Problem to work on –
The answer must be the full listing, word for word, with no pictures in it.

======== Dataset excerpt ========

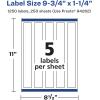 imageAvery Matte White Rectangle Labels Sure Feed Technology 975quot x 125quot 125 Matte White Printable Labels1 250 Labels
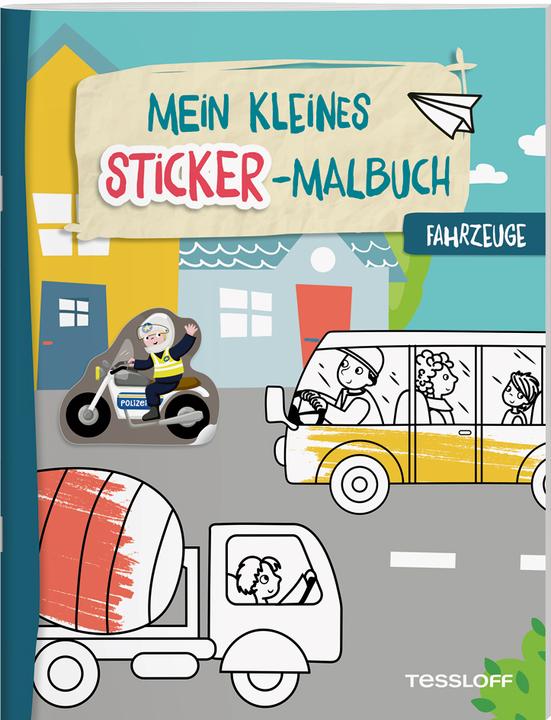 Produktbild Tessloff Mein kleines Sticker-Malbuch. Fahrzeuge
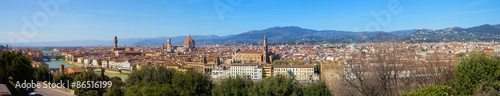 The City of Florence in Tuscany, Italy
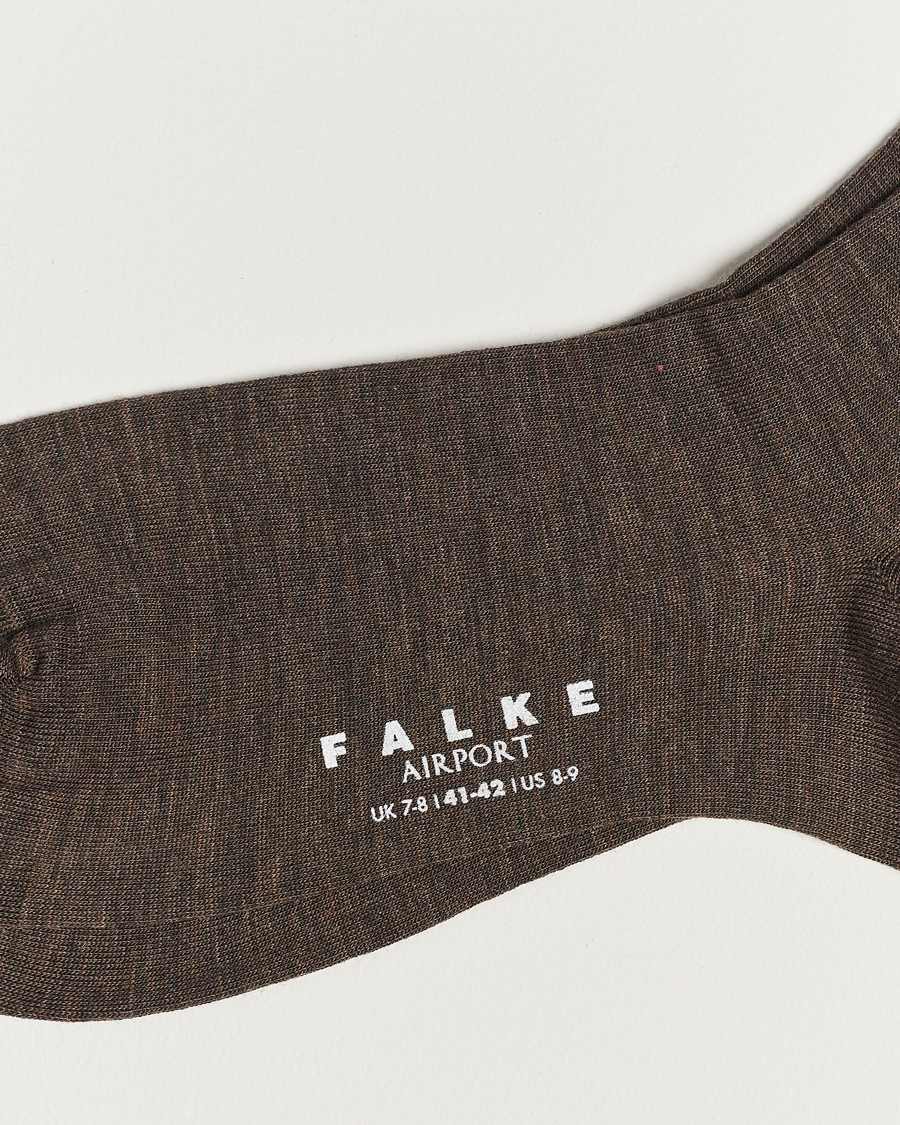 Heren |  | Falke | Airport Socks Brown Melange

========

The answer –
 imageAvery Matte White Rectangle Labels Sure Feed Technology 975quot x 125quot 125 Matte White Printable Labels1 250 Labels
 Produktbild Tessloff Mein kleines Sticker-Malbuch. Fahrzeuge
 The City of Florence in Tuscany, Italy
 Heren |  | Falke | Airport Socks Brown Melange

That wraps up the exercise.